• _TASK DETAILS_
Using the data below, repeat all of it precisely.

• _AVAILABLE DATA_
---+---

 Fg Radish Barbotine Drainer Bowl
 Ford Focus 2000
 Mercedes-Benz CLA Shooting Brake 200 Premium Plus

---+---

• _WRITTEN ANSWER_
 Fg Radish Barbotine Drainer Bowl
 Ford Focus 2000
 Mercedes-Benz CLA Shooting Brake 200 Premium Plus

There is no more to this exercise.